README

The goal of shinyHugePlot is to efficiently visualize the data with a large sample size, such as long time-series data. Using this package, a small number of samples are obtained automatically from large-sized data. Moreover, it can interactively change the samples according to the data range defined by the user using plotly interfaces.

Without this package, many charts are required: one for illustrating the overall trend and ones for illustrating small parts of the data. To display the overall trend is necessary; however, it requires a large amount of time. It may be difficult to correctly illustrate the entire data because of the graphical resolution. Dividing the data into intervals and calculating statistical values, such as mean values, may be a good approach for avoiding such problems; however, it also requires a great amount of effort and slight fluctuations in the data will be lost. It is frequently necessary to extract a specific part of data to study slight fluctuations; however, it also requires a great amount of effort.

Using this package, data with a large sample size are visualized easily, quickly, and without errors. Small number of samples are automatically obtained on a basis of specific algorithms, which helps in understanding the overall trend of the data. Zooming up the data (using plotly interfaces) automatically provides new samples and slight fluctuations in the data are displayed.
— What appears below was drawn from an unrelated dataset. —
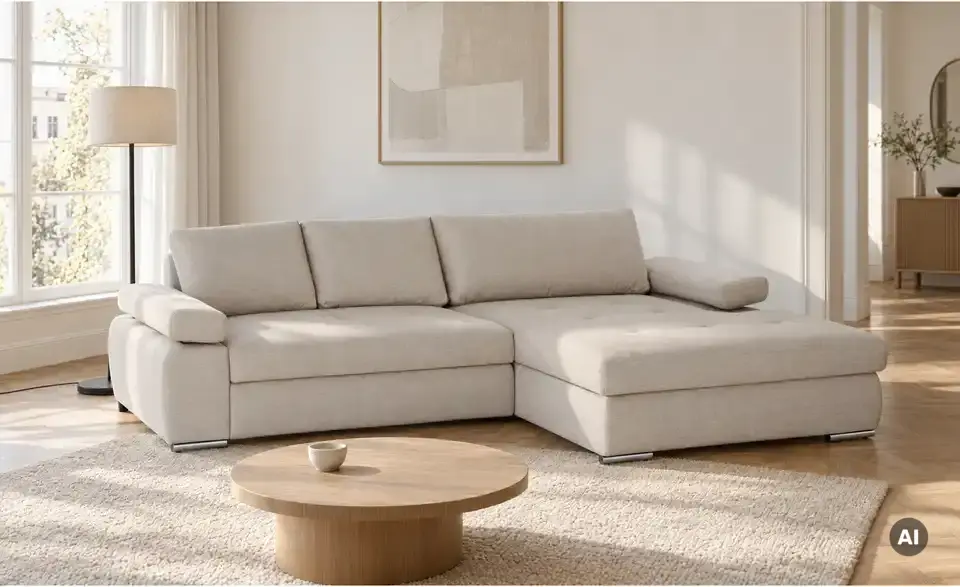 Ecksofa Ibby, in Wohnsituation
Both the overall and slight fluctuations of the data can be accurately understood.

When you would like to know the detail of this package or to cite this package, please find the following article.

Tagusari, J. (2023). shinyHugePlot: An R package for displaying the features of data with a huge sample size. SoftwareX, 24, 101583. https://doi.org/10.1016/j.softx.2023.101583

Installation

install.packages("shinyHugePlot")

install.packages("remotes")
remotes::install_gitlab("jtagusari/shinyHugePlot")

Example

Data

Before showing the example, the data with large sample size is prepared as follows:

library(tidyverse)
library(nanotime)

create_big_data <- function(n = 1e6) {
  x <- seq(0, n)
  t <- nanotime::nanotime(Sys.time()) + seq(0, n) * 7e4
  ra <- rnorm(5)
  rb <- runif(5)
  rc <- rexp(5)
  
  y1 = ra[1] * 1000 + (rb[1] * sin(x / 200) + sin(rc[1] * x / 200) + runif(n + 1) / 10) * x / 1e3
  y2 = ra[2] * 1000 + (rb[2] * sin(x / 200) + sin(rc[2] * x / 200) + runif(n + 1) / 10) * x / 1e3
  y3 = ra[3] * 1000 + (rb[3] * sin(x / 200) + sin(rc[3] * x / 200) + runif(n + 1) / 10) * x / 1e3
  y4 = ra[4] * 1000 + (rb[4] * sin(x / 200) + sin(rc[4] * x / 200) + runif(n + 1) / 10) * x / 1e3
  y5 = ra[5] * 1000 + (rb[5] * sin(x / 200) + sin(rc[5] * x / 200) + runif(n + 1) / 10) * x / 1e3
  
  return(tibble(x,t,y1,y2,y3,y4,y5))
}

d <- create_big_data(1e6)

d_long <- tidyr::pivot_longer(d, cols = -c(x, t))

Easy example

library(shinyHugePlot)
shiny_hugeplot(d$y1)

shiny_hugeplot can also take x and y values. Numeric x and datetime x are applicable.

shiny_hugeplot(d$t, d$y1)

A shiny app will be running in the R-studio viewer. The original data has 1e6 samples while only 1e3 samples (default) are shown to reduce computational time. Try zooming up the plot (using plotly interfaces) and confirm that more samples are displayed according to the operation.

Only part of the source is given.